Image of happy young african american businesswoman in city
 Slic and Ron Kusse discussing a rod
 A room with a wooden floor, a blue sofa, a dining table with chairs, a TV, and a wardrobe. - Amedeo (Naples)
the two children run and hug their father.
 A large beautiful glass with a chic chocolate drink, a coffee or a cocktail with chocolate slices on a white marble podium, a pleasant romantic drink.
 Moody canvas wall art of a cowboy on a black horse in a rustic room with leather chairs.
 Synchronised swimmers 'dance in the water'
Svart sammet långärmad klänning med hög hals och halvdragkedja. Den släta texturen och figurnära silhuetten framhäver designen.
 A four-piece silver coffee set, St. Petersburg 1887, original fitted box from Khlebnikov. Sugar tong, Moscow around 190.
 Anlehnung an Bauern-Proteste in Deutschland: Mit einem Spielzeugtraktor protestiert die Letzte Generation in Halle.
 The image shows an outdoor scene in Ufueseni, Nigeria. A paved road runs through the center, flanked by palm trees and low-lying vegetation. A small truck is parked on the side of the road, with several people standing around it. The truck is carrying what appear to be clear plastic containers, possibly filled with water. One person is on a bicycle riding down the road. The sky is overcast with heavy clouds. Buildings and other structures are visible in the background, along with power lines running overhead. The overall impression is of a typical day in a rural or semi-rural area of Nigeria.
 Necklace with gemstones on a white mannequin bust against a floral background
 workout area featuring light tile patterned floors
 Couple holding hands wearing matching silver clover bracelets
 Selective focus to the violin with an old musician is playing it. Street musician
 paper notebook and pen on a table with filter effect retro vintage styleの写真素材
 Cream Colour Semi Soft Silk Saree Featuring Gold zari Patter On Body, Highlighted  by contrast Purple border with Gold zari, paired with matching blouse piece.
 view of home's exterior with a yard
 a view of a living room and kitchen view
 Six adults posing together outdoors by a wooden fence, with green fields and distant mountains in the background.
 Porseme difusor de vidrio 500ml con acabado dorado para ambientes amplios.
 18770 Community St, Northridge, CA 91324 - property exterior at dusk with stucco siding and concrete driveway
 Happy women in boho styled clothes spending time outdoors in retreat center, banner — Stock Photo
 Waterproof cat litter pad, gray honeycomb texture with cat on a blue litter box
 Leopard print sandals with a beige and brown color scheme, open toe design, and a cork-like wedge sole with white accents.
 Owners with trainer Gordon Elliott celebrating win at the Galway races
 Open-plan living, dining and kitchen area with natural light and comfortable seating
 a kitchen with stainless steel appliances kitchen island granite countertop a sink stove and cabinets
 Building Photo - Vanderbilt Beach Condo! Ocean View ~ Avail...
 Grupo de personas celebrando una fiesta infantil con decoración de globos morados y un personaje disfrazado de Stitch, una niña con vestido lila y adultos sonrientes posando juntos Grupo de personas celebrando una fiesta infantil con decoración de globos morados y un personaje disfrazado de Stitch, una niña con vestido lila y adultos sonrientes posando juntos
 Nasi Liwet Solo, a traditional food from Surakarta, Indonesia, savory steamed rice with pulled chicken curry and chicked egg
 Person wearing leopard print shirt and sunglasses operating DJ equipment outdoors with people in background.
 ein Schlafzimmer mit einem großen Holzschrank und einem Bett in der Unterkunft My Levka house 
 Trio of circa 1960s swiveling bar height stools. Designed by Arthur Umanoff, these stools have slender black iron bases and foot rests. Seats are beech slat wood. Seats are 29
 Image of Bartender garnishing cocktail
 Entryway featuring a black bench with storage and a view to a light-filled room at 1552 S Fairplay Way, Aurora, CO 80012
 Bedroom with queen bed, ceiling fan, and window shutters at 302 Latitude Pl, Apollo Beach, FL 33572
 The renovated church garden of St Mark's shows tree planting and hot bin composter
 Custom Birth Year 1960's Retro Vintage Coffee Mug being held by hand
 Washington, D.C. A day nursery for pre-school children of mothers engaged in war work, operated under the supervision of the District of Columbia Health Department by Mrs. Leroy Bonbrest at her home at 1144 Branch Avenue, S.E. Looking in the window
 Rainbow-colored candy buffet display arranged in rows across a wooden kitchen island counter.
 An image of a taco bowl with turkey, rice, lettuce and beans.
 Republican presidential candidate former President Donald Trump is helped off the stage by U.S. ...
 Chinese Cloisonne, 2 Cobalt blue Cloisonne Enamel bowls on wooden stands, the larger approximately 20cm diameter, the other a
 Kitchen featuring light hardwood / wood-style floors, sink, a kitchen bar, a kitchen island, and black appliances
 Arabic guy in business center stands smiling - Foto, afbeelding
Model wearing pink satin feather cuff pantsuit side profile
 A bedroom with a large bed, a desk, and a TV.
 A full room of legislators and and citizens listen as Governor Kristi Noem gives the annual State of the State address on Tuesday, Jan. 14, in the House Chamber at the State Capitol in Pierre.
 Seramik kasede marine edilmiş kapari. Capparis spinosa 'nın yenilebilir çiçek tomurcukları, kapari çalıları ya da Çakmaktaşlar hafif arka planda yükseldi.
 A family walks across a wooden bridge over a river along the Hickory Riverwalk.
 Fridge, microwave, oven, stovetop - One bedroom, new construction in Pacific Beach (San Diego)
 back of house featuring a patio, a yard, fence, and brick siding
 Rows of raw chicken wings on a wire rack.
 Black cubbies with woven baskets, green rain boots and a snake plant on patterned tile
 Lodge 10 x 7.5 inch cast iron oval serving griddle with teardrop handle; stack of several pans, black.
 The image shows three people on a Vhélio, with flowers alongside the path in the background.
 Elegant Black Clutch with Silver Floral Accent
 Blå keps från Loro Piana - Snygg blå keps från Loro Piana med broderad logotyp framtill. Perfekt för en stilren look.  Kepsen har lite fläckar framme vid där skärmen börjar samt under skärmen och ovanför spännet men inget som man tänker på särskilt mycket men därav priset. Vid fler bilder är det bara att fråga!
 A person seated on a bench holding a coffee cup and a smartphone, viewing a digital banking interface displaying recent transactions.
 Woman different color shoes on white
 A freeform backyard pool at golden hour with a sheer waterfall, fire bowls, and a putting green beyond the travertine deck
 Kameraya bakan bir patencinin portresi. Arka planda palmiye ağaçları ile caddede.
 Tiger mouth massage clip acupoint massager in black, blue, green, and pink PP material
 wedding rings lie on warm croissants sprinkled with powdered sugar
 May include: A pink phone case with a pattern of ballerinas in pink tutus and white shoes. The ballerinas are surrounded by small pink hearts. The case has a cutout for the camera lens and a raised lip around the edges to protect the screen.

GOAL OF THE EXERCISE
Word for word, restate the lines of the data above that fall between the line holding "Arabic guy in" and the line holding "Seramik kasede marine", inclusive, and no other lines.

ANSWER TO THE PROBLEM
 Arabic guy in business center stands smiling - Foto, afbeelding
Model wearing pink satin feather cuff pantsuit side profile
 A bedroom with a large bed, a desk, and a TV.
 A full room of legislators and and citizens listen as Governor Kristi Noem gives the annual State of the State address on Tuesday, Jan. 14, in the House Chamber at the State Capitol in Pierre.
 Seramik kasede marine edilmiş kapari. Capparis spinosa 'nın yenilebilir çiçek tomurcukları, kapari çalıları ya da Çakmaktaşlar hafif arka planda yükseldi.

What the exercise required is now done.